Monday, July 2, 2012

Ideas I hope will become trends: assessment

This series is, at its core, a recap of my trip to ALA's Annual Conference in Anaheim. But I prefer talking about the practical applications of what I learned to simply recapping programs.

The first installment was about user stories and the second was about communication.

The third installment is about assessment.

I was not planning on attending LITA's Top Tech Trends panel. But, I returned back from an off-campus lunch too late to attend the session I'd hoped to catch and too early for the next round of programs.Having found myself with a few minutes on my hand, I decided to catch a few minutes of the program.

Meredith Farkas was one of the panelists and I found myself nodding in agreement when she talked about how academic libraries can't really stand on the assertion that the library is the center of the academic community anymore. Instead, academic libraries are being asked to justify their impact on those they serve.

Farkas suggested that assessment tracking tools were a good way of managing data that would help libraries build stories of user impact.

But this isn't so much about what Farkas had to say as it is about what people had to say about what she had to say.

It seemed like the Twitter backchannel was musing about how difficult it was to cultivate the kind of organizational culture that breeds an interest in assessment. Basically--nobody teaches this kind of stuff in library school.

The thing is, I couldn't agree more with the notion that academic libraries are being asked to justify their impact on those they serve. It's no longer enough for them to say that they're the center of the academic community. Researchers, both novice and expert, are finding other sources for information than traditional library resources. And many academic libraries grapple with how to stay at the center of the campus community--a completely different challenge.

And I also couldn't agree more with the idea that data helps libraries build stories about their impact on the lives of users.

And, while we're at it, I also couldn't agree more with the idea that creating that kind of organizational culture is really, really hard.

But it's not impossible.

So, how do we do it? How do we create organizational cultures in our libraries that embrace assessment and the data it generates?

I think we start by shifting our focus toward things that are measurable. Which means that every project or program needs to have outcomes built into it during the design phase. How else will we know if the project is successful? And, in the case of programs, how will we know if the audience has learned what we'd like for them to learn?

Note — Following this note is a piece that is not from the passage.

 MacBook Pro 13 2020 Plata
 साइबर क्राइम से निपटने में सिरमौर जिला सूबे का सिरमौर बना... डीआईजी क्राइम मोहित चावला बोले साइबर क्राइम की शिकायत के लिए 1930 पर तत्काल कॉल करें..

Academic libraries need to think critically about how adopting this kind of culture could affect them for the better. What would it look like to have data supporting your assertions about how bibliographic instruction sessions have prepared student researchers for upper-level research? It's one thing to consider gate count (which is valuable data, indeed), but it's another to show how you've created good consumers and stewards of information.

I think it's equally important for user-centered back room folks to generate, synthesize, and store data as well. If it's true that academic libraries are being asked to justify their impact on the academic community, it's equally as true that many units performing back-room functions are being asked to do the same. And, when the day comes that you have to advocate for your job, it's much easier to do so using data.

So, try gathering some usage statistics after you finish a cataloging project. Did usage of a hidden collection go up after you added it to the catalog? Did analyzing that serial prompt more people to use it? This kind of data collection can help justify some of the most important work you're doing.

Alternately, though, data of this kind can help you decide what to let go of when budgets are tight and time is fleeting. You can see what your users value most and what they can live without and make decisions about resource allocation accordingly.

So...start with an outcome and measure your success accordingly. And let the data do the talking.

Be visible. Be proactive. Be awesome.